25-80 Upgrading plant to meet GST obligations etc.

(1)
You can deduct expenditure you incur in upgrading * plant if:

(a)
you incur the expenditure between 1 July 1999 and 30 June 2000; and

(b)
you do so for the purpose of, or for purposes that include the purpose of, meeting your existing or future obligations, or exercising your existing or future rights, under the * GST law; and

(c)
you are the owner or * quasi-owner of the plant when you incur the expenditure; and

(d)
you use the upgraded plant before 1 July 2000, or have it * installed ready for use immediately before 1 July 2000; and

(e)
your * pre-GST annual turnover for the income year in which you incur the expenditure does not exceed $10,000,000; and

(f)
immediately before 1 July 2000, you are registered under Part 2-5 of the * GST Act.

Substituted accounting periods

(2)
If the income year in which you incur the expenditure ends before 30 June 2000, you are taken to have complied with paragraph (1)(f) if:

(a)
when you lodge your * income tax return for the income year, you are registered under Part 2-5 of the * GST Act; or

(b)
before you lodge your income tax return for the income year, you applied for registration under Part 2-5 of the GST Act and, when you lodge the return, the application has not been refused.

(3)
However, if subsection (2) has applied to you but, immediately before 1 July 2000, you are not registered under Part 2-5 of the * GST Act, you cannot deduct the expenditure. If you have already deducted it, your assessment may be amended to disallow the deduction.

5 Before section 42-170

Insert:

42-168 Acquiring plant to meet GST obligations etc.

(1)
Despite sections 42-160 and 42-165, your deduction is the * plant's * cost for the income year in which you become its owner or * quasi-owner if:

(a)
you become the owner or quasi-owner of the plant between 1 July 1999 and 30 June 2000; and

(b)
you do so for the purpose of, or for purposes that include the purpose of, meeting your existing or future obligations, or exercising your existing or future rights, under the * GST law; and

(c)
your * pre-GST annual turnover for the income year does not exceed $10,000,000; and

(d)
immediately before 1 July 2000, you are registered under Part 2-5 of the * GST Act.

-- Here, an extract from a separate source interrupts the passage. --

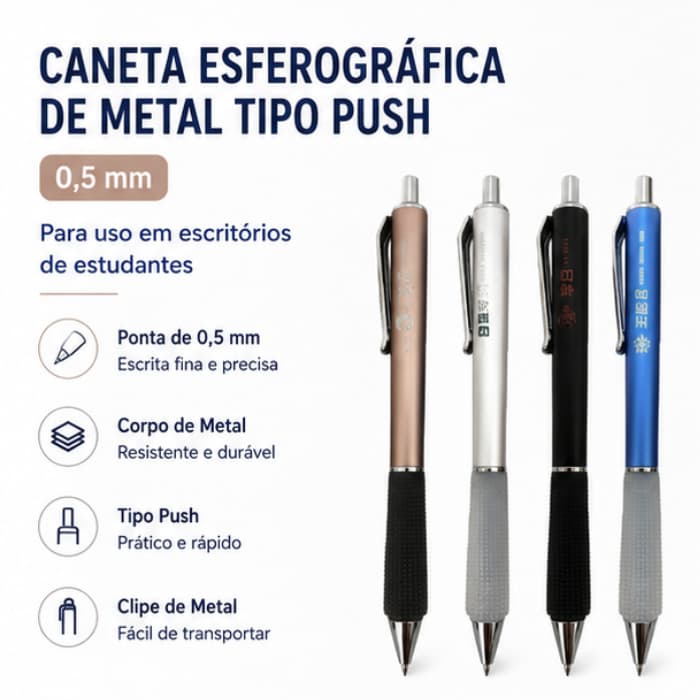 Caneta Metal Push 0,5mm Esferográfica Escrita Fina Clipe Metálico para Escola e Escritório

Substituted accounting periods

(2)
If the income year in which you become the owner or * quasi-owner of the * plant ends before 30 June 2000, you are taken to have complied with paragraph (1)(d) if:

(a)
when you lodge your * income tax return for the income year, you are registered under Part 2-5 of the * GST Act; or

(b)
before you lodge your income tax return for the income year, you applied for registration under Part 2-5 of the GST Act and, when you lodge the return, the application has not been refused.

(3)
However, if subsection (2) has applied to you but, immediately before 1 July 2000, you are not registered under Part 2-5 of the * GST Act, you cannot deduct the * plant's * cost. If you have already deducted it, your assessment may be amended to disallow the deduction.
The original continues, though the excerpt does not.